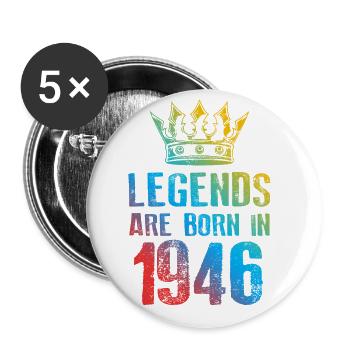 1946 Légendes nées en - Lot de 5 grands badges (56 mm) - blanc - Devant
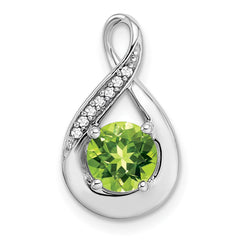 14k White Gold Peridot and Diamond Pendant - 4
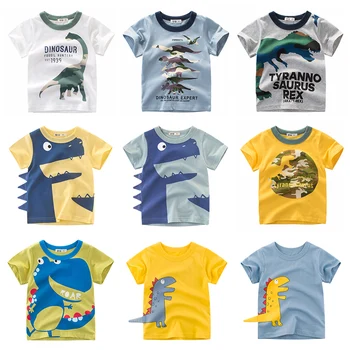 Tričko Dinosaura Chlapcov, Dievčatá, Deti, Deti Topy Bavlnené Oblečenie Tlač Krátke Rukávy Letné Oblečenie Cartoon Batoľa Tee pre 2-8 Y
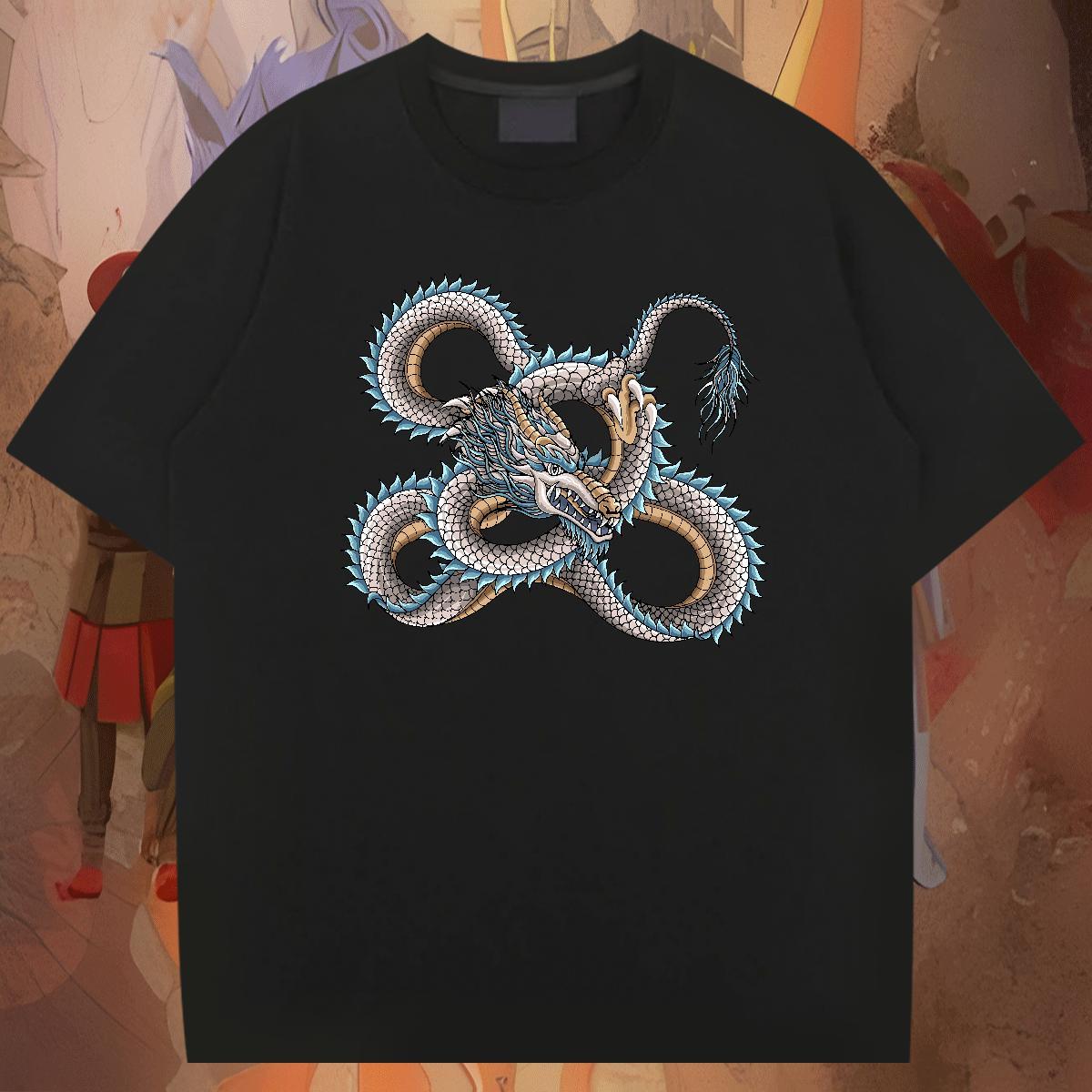 Factory Direct Casual Daily Wear Tshirts dragon O Neck Short Sleeves 230g Pure Cotton T-Shirts for Men Wholesale Custom Print Oversized Tops Shirt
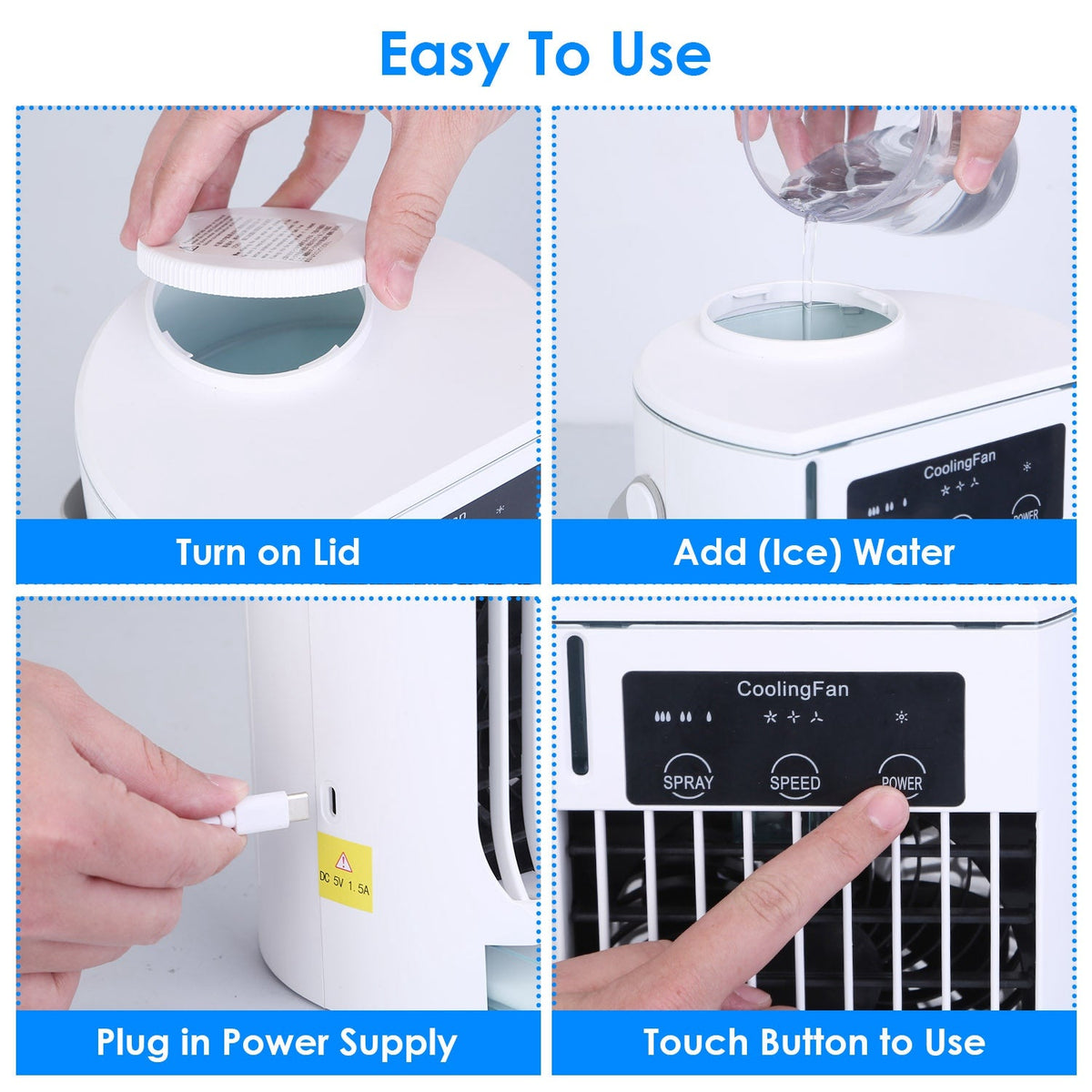 Portable Air Conditioner Fan Evaporative Humidifier 3 Speed Spray Personal Cold Mist Air Cooler Desk Table Fan Water Tank Night Light Adjustable Angel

■ Directions for this task: Please write out exactly the lines from the one containing "Tričko Dinosaura Chlapcov, Dievčatá, Deti, Deti" through the last line of the records above, and leave out any pictures.

■ Written solution:
 Tričko Dinosaura Chlapcov, Dievčatá, Deti, Deti Topy Bavlnené Oblečenie Tlač Krátke Rukávy Letné Oblečenie Cartoon Batoľa Tee pre 2-8 Y
 Factory Direct Casual Daily Wear Tshirts dragon O Neck Short Sleeves 230g Pure Cotton T-Shirts for Men Wholesale Custom Print Oversized Tops Shirt
 Portable Air Conditioner Fan Evaporative Humidifier 3 Speed Spray Personal Cold Mist Air Cooler Desk Table Fan Water Tank Night Light Adjustable Angel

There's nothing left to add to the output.